Early Childhood Education

Birth-to-five interventions demonstrate that providing a child with additional enrichment can enhance brain development. Also, the most effective way to reduce the number of children at risk is to provide the best possible classroom instruction from the beginning of their school experience through the primary grades.

A childhood development center in Snoqualmie, Washington, is expanding to add early childhood therapy services. After receiving a grant from M. J. Murdock Charitable Trust, the Encompass Northwest Early Learning Center will begin construction on a new building to expand their offerings to children and their families. A focus on therapies including speech, feeding, social skills, behavior, and rehabilitation will help to provide services for the students as well as wrap-around services for the whole family. Lawmakers in Colorado are proposing a bill that would add behavioral health staff to early childhood education centers and train teachers to create classroom environments that promote students’ social-emotional development. The bill will expand ongoing initiatives by supporting mental health care across the state in a variety of early childhood settings and practices

A new study in the journal Child Development found that regardless of families' socioeconomic backgrounds, preschoolers whose parents gave them frequent opportunities to do simple math problems and played games at home showed better arithmetic growth and performance by the end of kindergarten than children with less-engaging early math environments at home. The study highlights the importance of the family working with young children in more areas than reading. Blending reading and math can also be beneficial for young learners as the activities can build on each other. The study also found that operational math activities such as addition and subtraction are linked with a better vocabulary.

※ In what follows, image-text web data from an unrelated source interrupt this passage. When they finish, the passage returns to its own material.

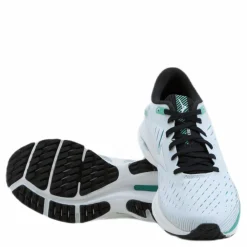 Wave Rider 24 White/Green*Mizuno Online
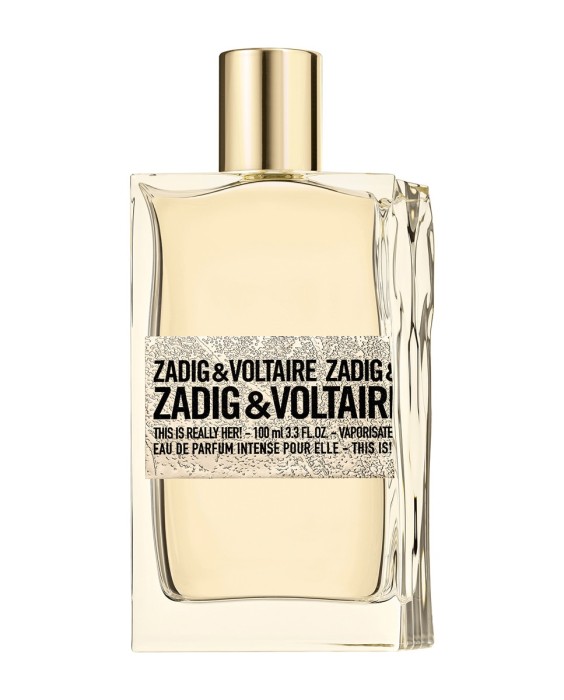 Eau de Parfum Intense This Is Really Her 100 ml Zadig & Voltaire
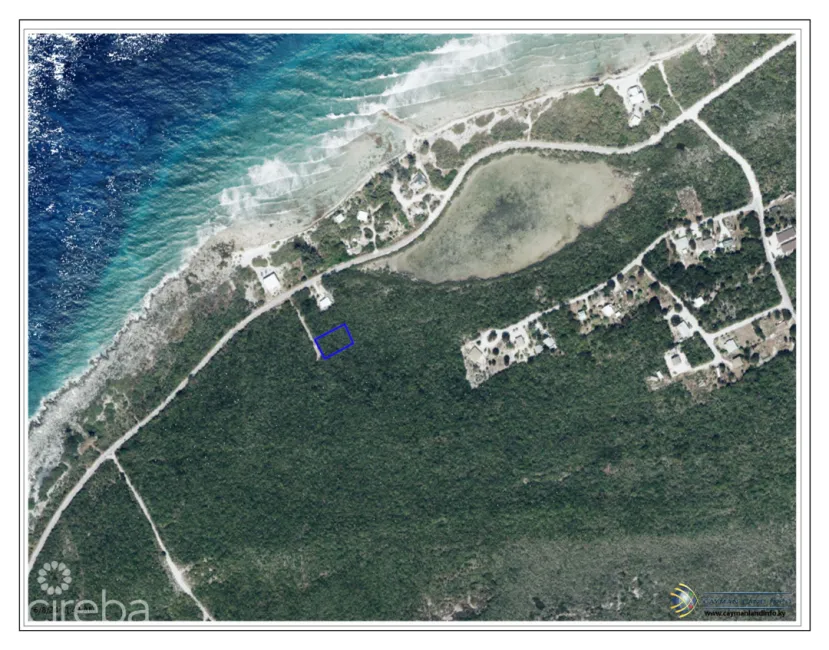 LITTLE CAYMAN NORTH WEST HOME LOT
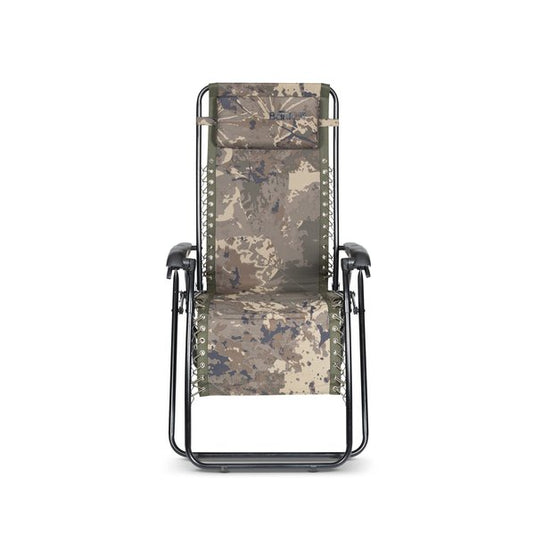 Kevin Nash Bank Life Hi-Back Lounger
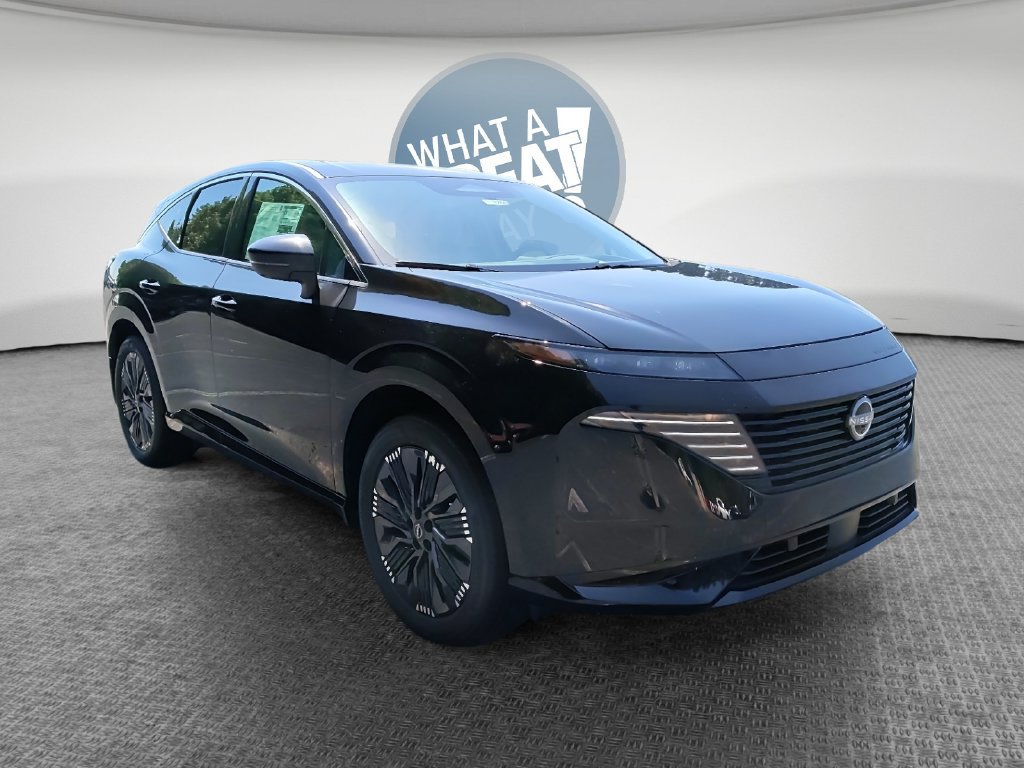 New 2026 Nissan Murano Platinum w/ Cargo Package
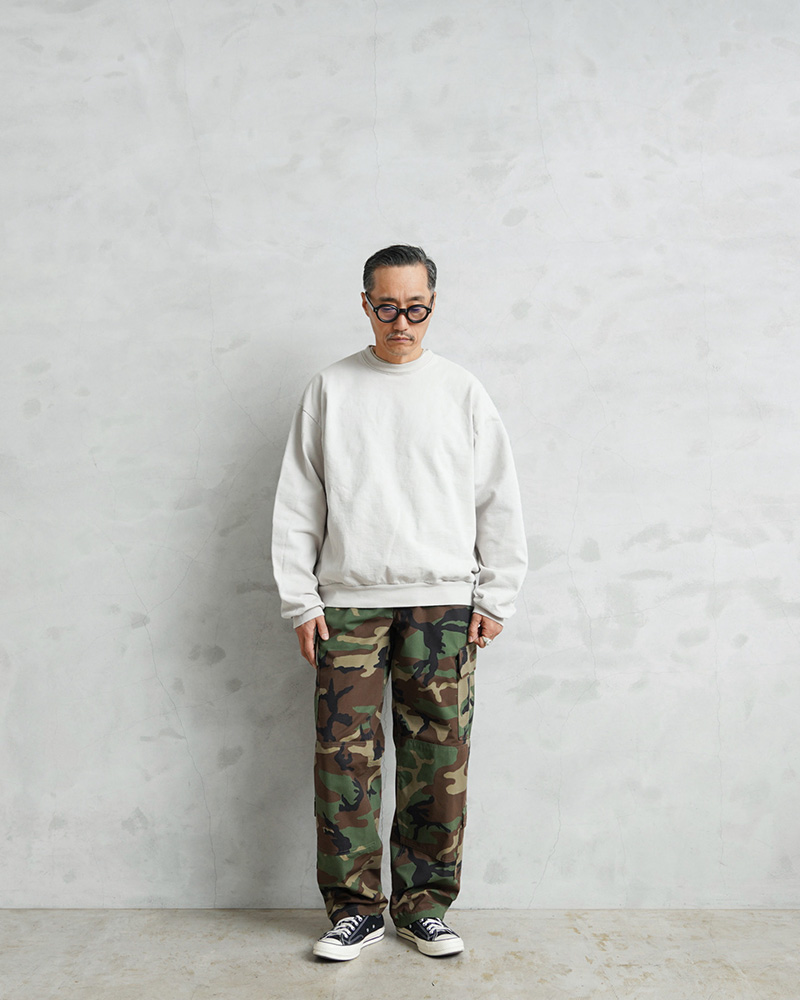 MILITARY（ミリタリー） 実物 新品 デッドストック 米軍 M-81 ACU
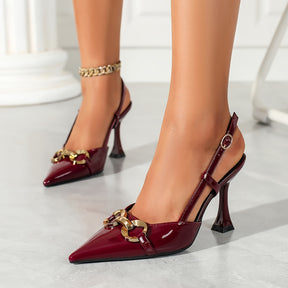 Sandálias Vino Glamour - COMPRE 1 LEVE 2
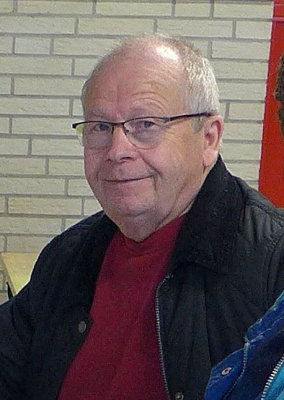 Meldung: Laudatio Fritz Boehning 75 Geburtstag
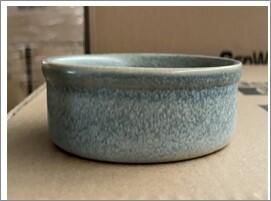 Forge Coast Stoneware Tapas Dish 13cm (Pack of 12) - CT-TD13C - 3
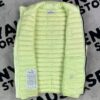 STONE ISLAND LOOM WOOVEN CHAMBERS R-NYLON DOWN-TC VEST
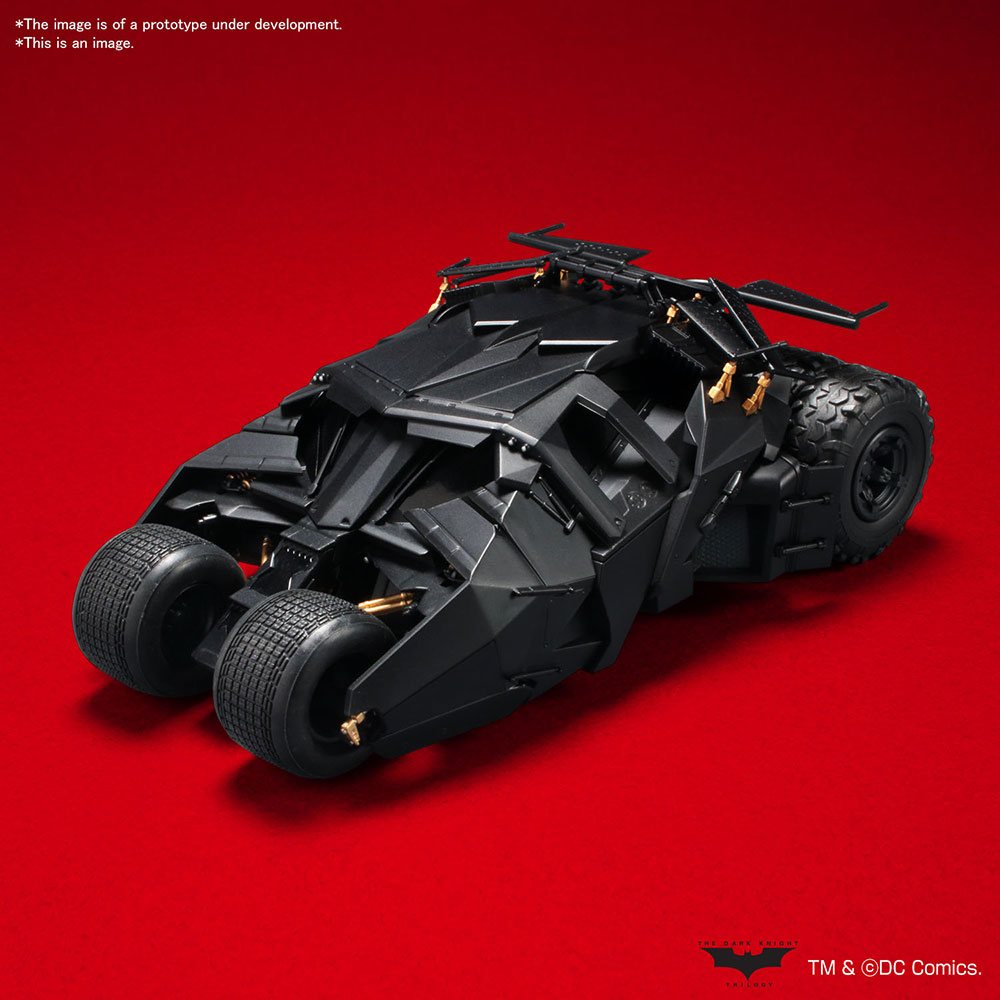 Batmobile (Batman Begins Version)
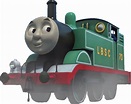 LBSC Thomas (in his original livery) (PNG) by Agustinsepulvedave on ...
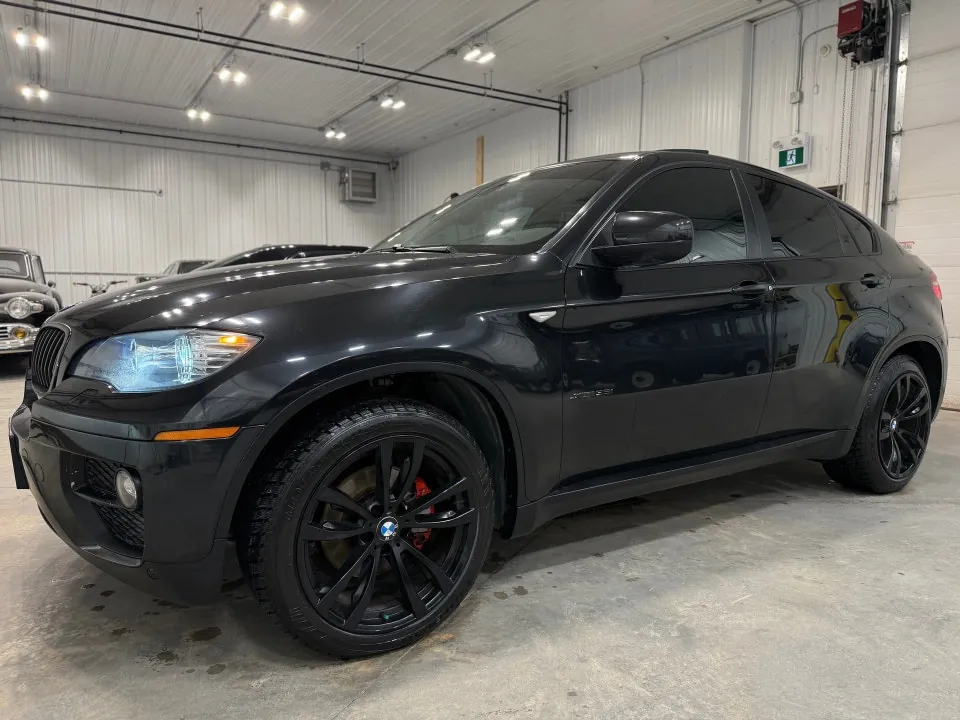 BMW X6 2014 photo 3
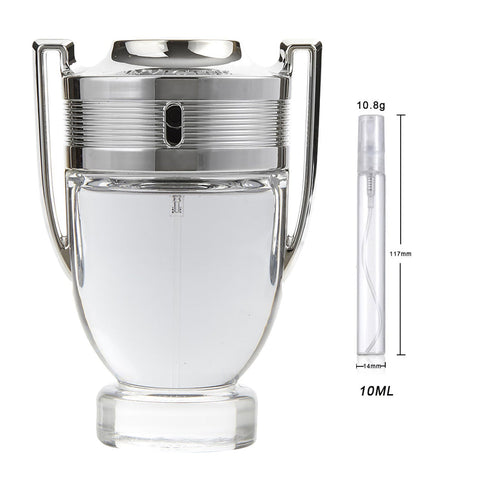 Paco Rabanne Invictus Eau de Toilette Sample for Him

Cadillac Area Public Schools in Michigan will offer a junior kindergarten to bridge the gap between preschool and kindergarten for 3- and 4-year-olds. The program will provide a full day of instruction to provide younger children more time and support to develop their skills than kindergarten allows. The district’s goal is that this junior kindergarten will help cut down on their current kindergarten recidivism rate.


Grants

AAE Classroom Grant

Deadline: October 1
Grants of up to $500 will be awarded for a variety of projects and materials, including but not limited to books, software, calculators, math manipulatives, art supplies, audio-visual equipment, and lab materials. Funds must be used within one year of the application deadline. Classroom grants are available to all full-time educators who have not received a scholarship or grant from AAE in the past two years. Awards are competitive.

AAE Teacher Scholarship

Deadline: October 1
Grants of up to $500 will be awarded for a wide variety of professional development opportunities and materials. These include conferences, in-services, and materials for PLCs. The scholarship will cover all associated costs with attending these events or obtaining these materials. Teacher scholarships do not cover classes or materials in pursuit of a graduate degree. Classroom grants are available to all fulltime educators who have not received a scholarship or grant from AAE in the past two years. Awards are competitive.

Believe in Reading Grant

Deadline: Rolling
Awards of up to $10,000 are awarded to existing and provably successful literacy programs that have been designated as having tax-exempt status according to the IRS Code Section 501(c)(3), or equivalent educational institutions, including public libraries. Believe in Reading targets successful literacy programs that serve populations that show out-of-the-ordinary needs, such as geographic areas with low reading scores and high poverty levels. Believe in Reading’s grants are renewable for up to three years, but a first-year award does not guarantee any subsequent awards.